The training runs for a year, after which participants receive a further qualification, a National Certificate in Advertising.
Another differentiating element of the initiative, aside from the funding model, is that Sum of 21 has become a completely separate, real world agency, not just an internship programme that is part of Etiket. The participants work on real briefs, rather than training scenarios with no real world implications.
“When it comes to an agency or any corporate environment, one must be careful to think that you’re going to take an internship or learnership programme and just slot it in to your normal operations, it doesn’t work … These youngsters are so green, you need so many seniors to look after them, and guide them and coach them,” Oosthuizen emphasises.
With Sum of 21, there is a dedicated team of seniors who just work with the youngsters, and don’t also work for Etiket. This allows them to dedicate all their time to training and upskilling the youngsters, and they have been specially selected for their mentoring abilities, something which not every person has.
A reluctance to BEE
Touching on how Sum of 21 has commoditised BEE spend, Oosthuizen elaborates. “What we see with most of our corporate clients is, they’re very open and everyone buys into the spirit of BEE and what needs to be achieved and everyone wants to make a difference, but BEE spend still stays one hell of a grudge transaction.
“People feel they’re writing cheques and money goes into a deep hole and there’s very little traction and measurement of where it’s going. Does it make a difference? No one can say.”

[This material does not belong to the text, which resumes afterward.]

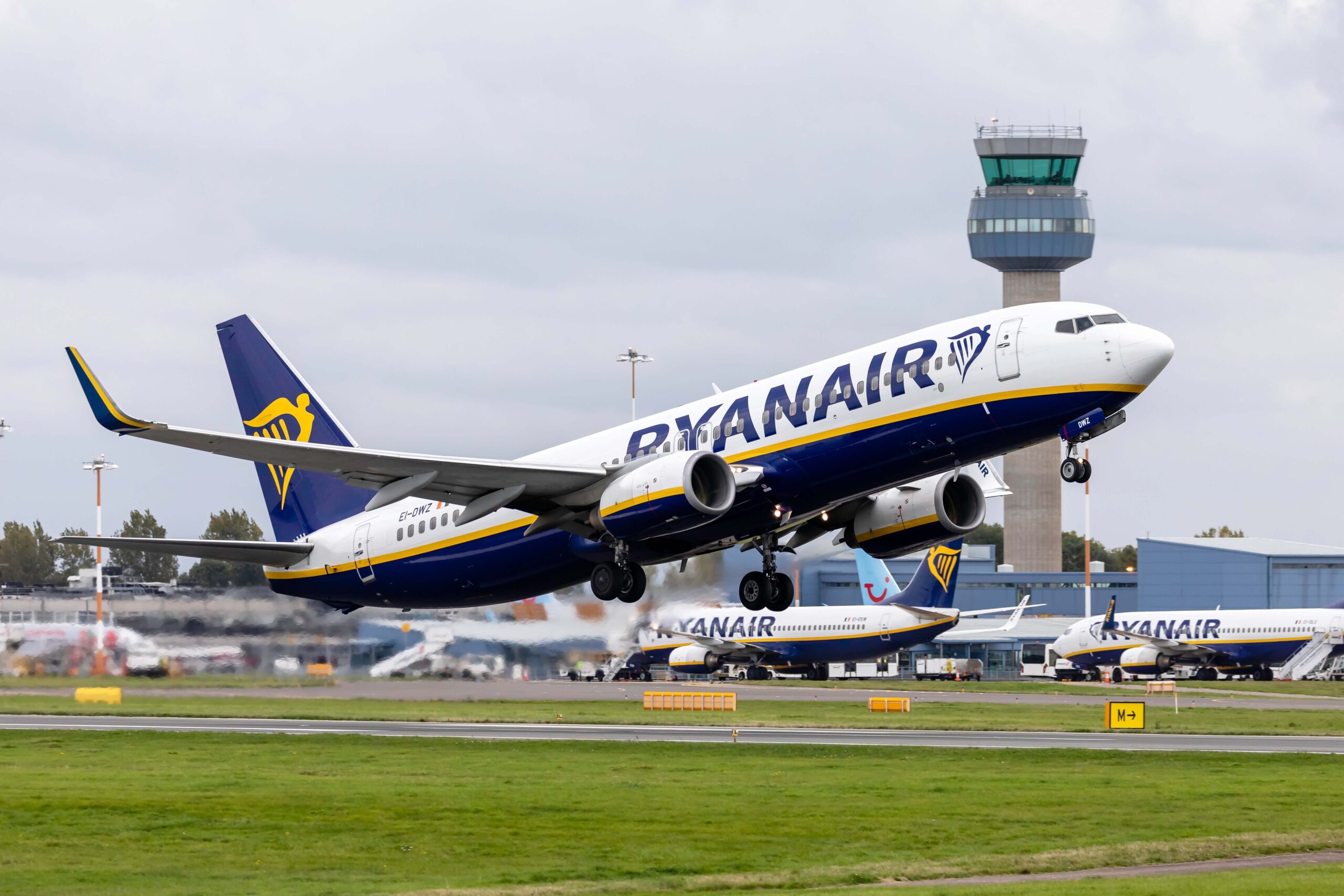 ryanair_boeing_737__8.jpg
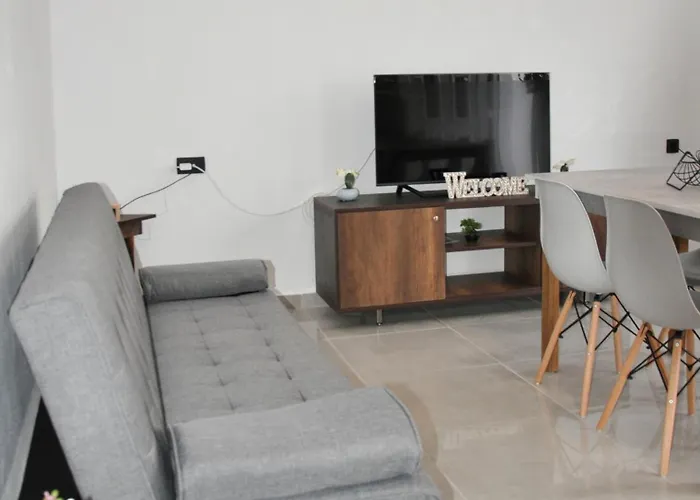 Calma Eco Sunset View *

He stresses that by spending BEE money with Sum of 21, companies can see exactly where and how their money is spent, how it benefits youngsters and the industry, and the return on investment they receive.
“Putting a return on investment behind BEE spend is a complete paradigm shift … It takes the grudge out of BEE, because they can spend and now start to get something back, and it’s not a selfish getting back as it makes a big difference to people’s lives,” Oosthuizen adds.
Sum of 21 already has several big benefactors on board, and there are a few more currently in negotiation, which will hopefully come on board before the end of the year. Sum of 21 also does normal commercial work, which offers work at much reduced rates as it’s a training environment.
Oosthuizen also states that the media industry is “filled with a lot of talk about BEE, but not a lot of do”.
“We’ve got so many industry bodies and high and mighty players that talk this talk about transformation, and what everyone has done, but then nothing happens. We’re caught up in this talking talking talking,” he elaborates.
A lack of print learning at university
Touching on the elements lacking from the participants after they arrive from university, Tiaan Ras, Sum of 21’s principal says, “We are quite fortunate that we can give them quite a bit of print, because interestingly they don’t work a lot with print at university any more. They learn a lot of electronic and digital media, but we really have to work hard with them in the beginning for print.”
The aim is to give them a whole agency experience, across above-the-line and below-the-line work, and a lot of digital work.
Steady growth over the years
In the first year of operation Sum of 21 had four to sevenlearners, growing to 20 last year, of which 18 completed the entire year. There’s currently 50 in Sum of 21, showing the substantial growth over the past year. Currently 16 permanent employees make up Sum of 21. The aim is to have 100 learners in Sum of 21 next year, growing to 200 by the end of 2019.
Here are some examples of work that Sum of 21 has done:
Etiket is also working on getting SETA training accreditation so that another avenue opens up for accepting applicants.
Etiket, a through the line agency, has been around for 11 years. It has a variety of clients in a variety of industries.